By the time I came back out, the fern had fallen into the shade, but the light continued to be just right.
Often, losing details in the shadows or highlights of a photo isn’t desired. Sometimes it takes special precautions (e.g., bracketing for HDR) to not lose any details. But there’s something neat about having a strongly-backlit leaf that’s so bright compared to the background that everything else is pitch black. That photo might be a little too fine-artsy, but I still like it.
Here, the background was also backlit, just less so, but your eyes are still drawn to what they should be. And I’m loving that this lens, as cheap and light as it is, can be pretty darn sharp. (I did do software sharpening afterwards too, but that’s SOP.)
There’s a close-up of a few of the leaves, complete with two Daddy Longlegs.

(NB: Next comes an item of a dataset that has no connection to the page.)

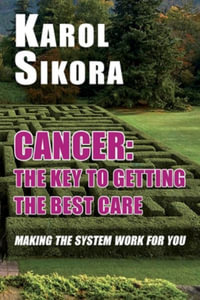 Cancer : The key to getting the best care : Making the system work for you - Karol Sikora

Shooting those last night, BTW, was one of those times when I switched to full-manual*. I spend a lot of time in aperture priority, but photographing a strongly-backlit leaf isn’t something the camera’s metering is really meant to deal with, so it was overexposing by a good deal. I locked it at 1/250-second exposure with good results.
I took a set of 99 photos, but many were flawed. The biggest problem was that, for some of these photos, the sun was just out of frame, so even a lens hood didn’t work. For some I tried to use my hand to block out some more light, but there’s a fine line there, where you go from not quite blocking enough to having your hand in the frame. (Although with a long zoom and a decently fast aperture, the only effect was minor vignetting… Which in some of these photos wouldn’t have showed.)
Going to Fenway tonight, though I suspect 200mm will be far too short for anything all that good.
* The EXIF will betray that I actually went to shutter-priority, but since the camera wanted a wider aperture and the lens was already wide open, switching over to full-manual to ‘lock’ the aperture would have done exactly the same thing.